I've had a really rough year so far. I'm not going to go into details about it, but I will say it feels like my whole world just suddenly stopped being what it has been all my life and now I feel like I am starting over from scratch. My confidence is pretty much in shambles.
I need to find my self worth again. This weekend, I didn't feel it at all. Literally, I felt like a total loser. Not only that, but I'm not even in a place right now where I like myself. There's this constant stream going on in my head of stuff I'm doing wrong, or things that are wrong with me. "You're lazy. You're not tidy or organized enough. You complain too much. You're not working hard enough. You look like crap. You annoy people. You've waisted every opportunity you had to be something. You don't deserve your fiancee." Just on and on...

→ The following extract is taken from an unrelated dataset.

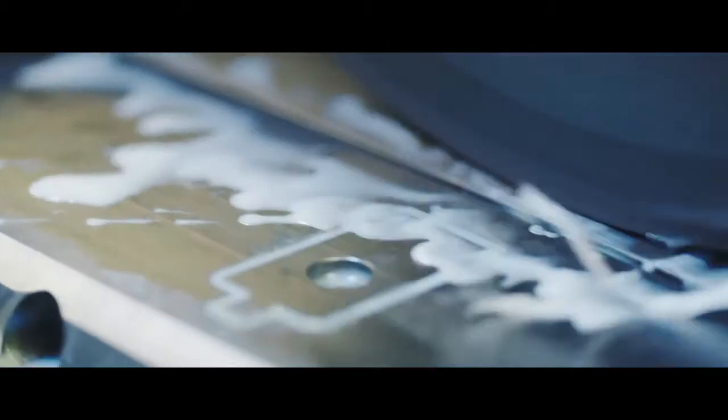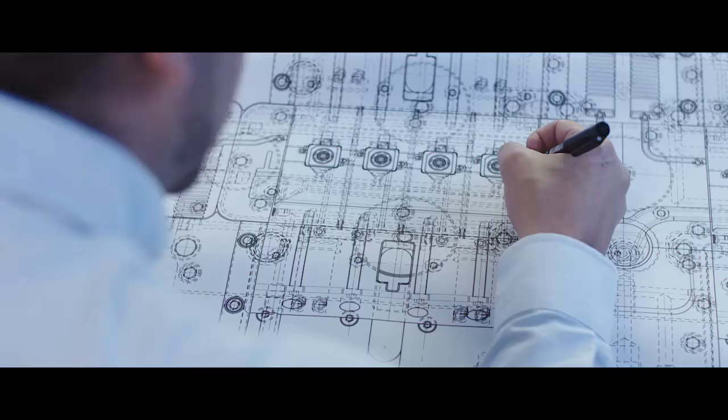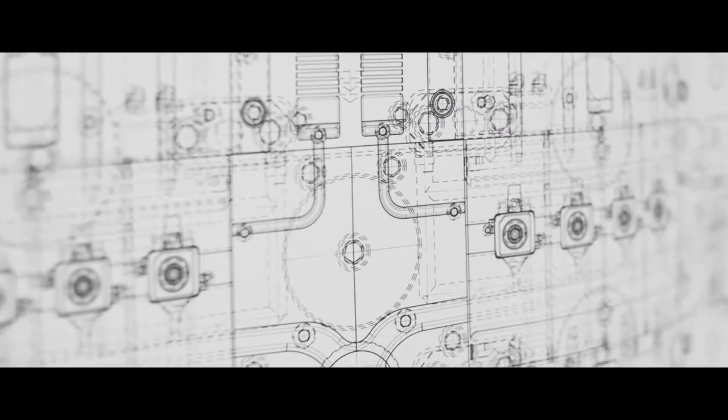What does it take to create world-leading precision metal components? It starts with people — experts with decades of experience, who truly understand what it takes to design for the real world of manufacturing.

My friend and mentor, Sensei Jim Bouchard talks about how "Perfection is not a destination; It's a never-ending process...". Here are some links to his material that I find motivational and very helpful (for everyone... not just martial artists):
Podcast (Think Like A Black Belt):
http://itunes.apple.com/us/podcast/think-like-a-black-belt/id150959297?i=83634207
Blog:
http://thinklikeablackbeltblog.com/
Books:
http://astore.amazon.com/dynacompofper-20
This blog, the challenge I have set for myself... it's about starting that process of perfection, about finding my sense of self worth again and becoming more confident and about sharing that process with others. It's about deciding to take action, discipline myself and reach my goals. Being a black belt is about more than just punches, kicks and physical strength. That's why I'm not trying to test this October and instead waiting till next year. I need that time to rebuild mentally, get my confidence back and feel better about myself. I want to go into that test knowing I'm ready to face the challenge and knowing I can put 110% into it.